Fuzzy Law and the Internal Tension Model
By contrast, Margit Cohn’s A Theory of the Executive Branch contains a much more sceptical view of the executive. In the book, Cohn argues that the role of the executive is wildly undertheorised. While national executives have received their fair share of attention in the literature, there have been no attempts to construct a universal theory that transcends these domestic contexts. She also notes that these studies have a strong normative character: either they wield the normative claim that the executive should not be curtailed by the law, or the inverse, that it should be fully subjected to it. The studies by scholars who are members of these rival camps tend to lack a sound theoretical underpinning (p. 26, 42). To fill the void left by these scholars, Cohn has developed the ‘internal tension model’, an explicitly descriptive model (p. 42-43, 55-57).Footnote 2 This model holds that the executive should be conceived ‘as straddling the line between subjection to law and dominance beyond law’ (p. 42-43). To Cohn, this seemingly paradoxical nature reflects the executive’s complex position: it serves as a co-equal branch devoted to executing the laws promulgated by the legislature, but also as the ‘dominant decision-maker in the political sphere’, the true nexus of government (p. 43).
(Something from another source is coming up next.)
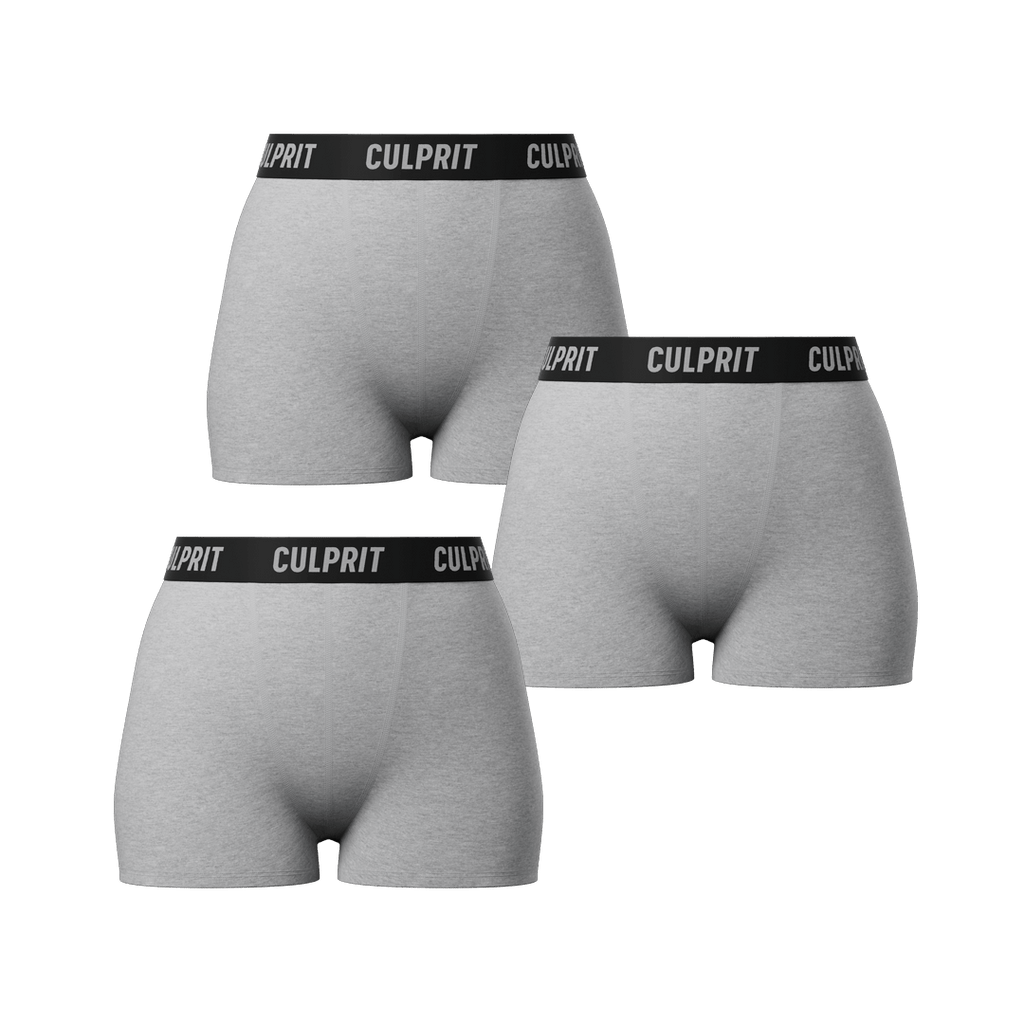 Heather Grey Booty Shorts 3 - Pack🌪️ - Culprit Underwear - Booty Shorts - 3PK - BS - HGRY - XS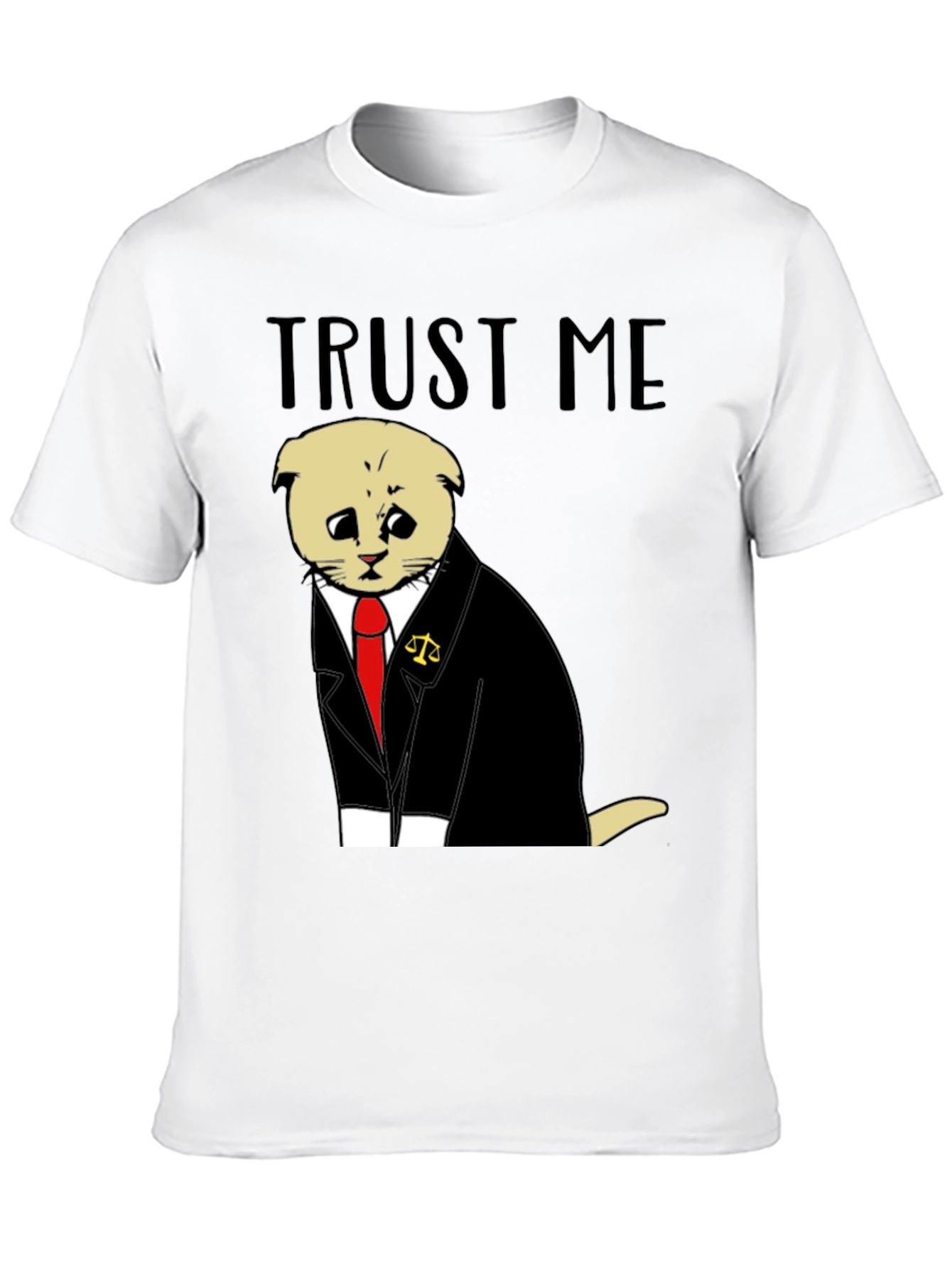 Black Trust Me Lawyer Cat T-Shirt - Funny Cute Attorney Kitten Tee view 10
Cohn insists this is not a paradox: it is simply a recognition of the ‘multidimensional nature’ of the executive, an institution so intricate that it even defies clear definition.Footnote 3 The executive has to defer to the legislature, but it also possesses an autonomy that allows it to ignore the wishes of this rival branch of government. For Cohn, these assertions can both be true. Sometimes the executive faithfully executes the will of the legislature, at other times it might choose to ignore it. Cohn thinks that this tension is inherent to constitutionalism and cannot be resolved: ‘The tension between legality on the one side and political and social realities on the other side cannot be settled in favour of one of these social interests’ (p. 55-56).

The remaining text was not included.